Patrimoine bradé aux enchères ?

« La culture, c’est ce qui reste quand on a tout oublié. »

Émile Henriot

 

Et si nous perdions volontairement notre patrimoine ? Volontairement oui.

Le raccourci est raide, j'en conviens. Mais je vais vous expliquer mon raisonnement. Parlons un petit peu de Sus. Petit village de même pas 400 âmes. Ces derniers temps, cette commune limitrophe de Navarrenx a beaucoup fait parlé d'elle via la vente d'un de ses châteaux. Enfin, la mise aux enchères. Enfin, la menace de mise aux enchères. Bref c'est le bordel. Ce n'est pas la première fois que ce château, privé, risque de changer de propriétaire. Mise à prix, si vente il y a : 20 000 euros. 20 000 putains d'euros pour un château blindé d'histoire.

Pour piqûre de rappel, ce château dit de Fligny est répertorié aux archives départementales dès 1281. Ce château n'en n'est pas un, mais plutôt une belle maison de maître. En mai 1820, la château et son domaine de six hectares ont été vendu aux Saint-Cricq, alors propriété du Marquis de Jasses. Ce château sera le château d'enfance de Caroline de Saint-Cricq, fille du Comte Pierre de Saint-Cricq, député des Basses-Pyrénées dans l'arrondissement d'Orthez. Caroline était très amoureuse du compositeur hongrois Franz Liszt, et le sera toute sa vie, malgré un mariage (malheureux donc). Cette famille,et surtout Caroline, restera liée à Sus, via le domaine Nitot. Dans une histoire plus récente, ce château a abrité un aérium, un établissement de repos au grand air pour les enfants ou adolescents. Puis, c'est l'ADAPEI qui a occupé les murs du château, où de nombreuses sussoises y ont travaillé. Le propriétaire des lieux n'a jamais souhaité vendre la battisse à l'ADAPEI, et n'en sera donc que locataire jusqu'à son départ dans les années 1980. Encore aujourd'hui privé, ce château n'est pas visible habituellement depuis le village. S'il l'est, ce n'est qu'en hiver, une fois que toutes les feuilles des arbres qui le cachent sont tombées.

Et si ce château était vendu ? Après tout. A la commune ou tout autre institution territoriale. Ce château tombe en ruines, et les avis sur les réseaux sociaux (révélateurs comme à leurs habitudes des tréfonds des sombres pensées humaines) laissent hésiter entre la réhabilitation et la destruction.
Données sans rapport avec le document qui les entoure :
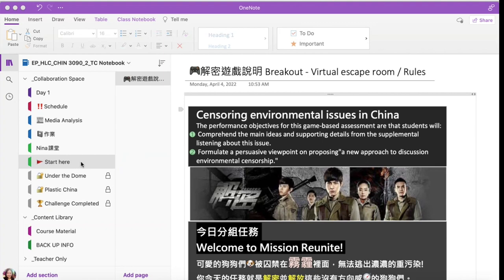The first game-based assessment I'm about to show you — the review game — is built with a start here, an instruction run, two escape runs, and a final escape run. Each escape run is locked on a page.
Optons pour la réhabilitation (et laissons de côté la destruction avant que je ne devienne vulgaire). La commune en devient propriétaire. Que va-t-elle en faire ? Pourquoi pas surfer sur la récente obtention du label « Plus Beaux Villages de France » de Navarrenx ? Monter un musée à quelques kilomètres d'un village qui risque de voir sa fréquentation touristique augmenter de plus de 30% n'est pas un défi si osé que ça. 22 pièces composent cette magnifique battisse. Il n'y a pas de quoi faire de jolies salles, sur l'histoire du Béarn, de Navarrenx, de Sus et de ses alentours ? Il y a bien sûr le Centre d’Interprétation de Navarrenx qui est génial, mais un tel musée à Sus... l'actuelle propriétaire du château a des projets pour ce château. Celui d'un parc botanique entre autre. Splendide idée, qui pourrait être parfaitement complémentaire au musée. Aller, parce que je suis gourmand, il y a même de quoi faire une salle détente et une boutique souvenirs. Il y a largement de quoi faire un musée, un jardin botanique et un parking en conséquence. A mi-chemin entre la citadelle béarnaise labellisée et le domaine Nitot (centre d'activités en devenir).
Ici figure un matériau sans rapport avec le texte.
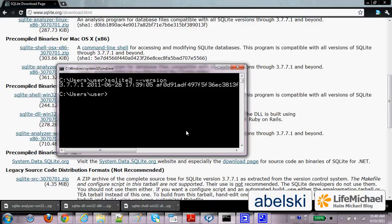The next step would be installing the SQLite binding so Ruby can work with SQLite. We just need to type: gem install sqlite3-ruby.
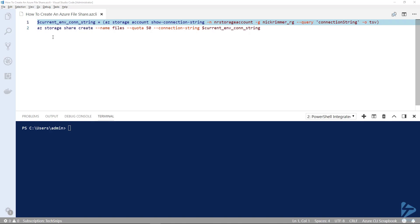The first line we'll use a variable, and into that variable we'll pass the command az storage account show connection string. We'll pass the name of our storage account which is NR storage account, our resource group name which is Nick Rimmer underscore RG, and then we're querying for the actual connection string that we can use.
A la base, je pensais que le lieu parfait pour un tel projet était l'ancienne gare de Sus, plus proche des grands axes routiers, plus modestes aussi. Mais bon, des gens y habitent aussi... mais là n'est pas la question.

La commune, la communauté des communes, le conseil général, la région... je suis un Bisounours, j'entend bien, mais ça en fait des investisseurs potentiels non ? Vous avez le choix. Soit la propriétaire prend le risque de remettre en vente ce château dans quelques années, soit une collectivité en hérite, soit la communauté d'obédience chrétienne qui répond au nom de Tabitha's Place la rachète. Elle a les moyens, je vous assure. La secte, déjà on ne peut plus ancrée à Sus se ferait un malin plaisir d'acheter ce château. Ceci dit, ils seraient bien cons de ne pas vouloir le faire : ils ont la main d’œuvre gratuite pour rénover le bâtiment. Je suis totalement contre, et m'y oppose fermement. Votre choix ? Le mien est fait.

Ne pas agir, n'est-ce pas là une façon de délaisser volontairement son patrimoine ?

 

Cet article n'engage que moi, et en aucun cas la commune de Sus ou la propriétaire des lieux.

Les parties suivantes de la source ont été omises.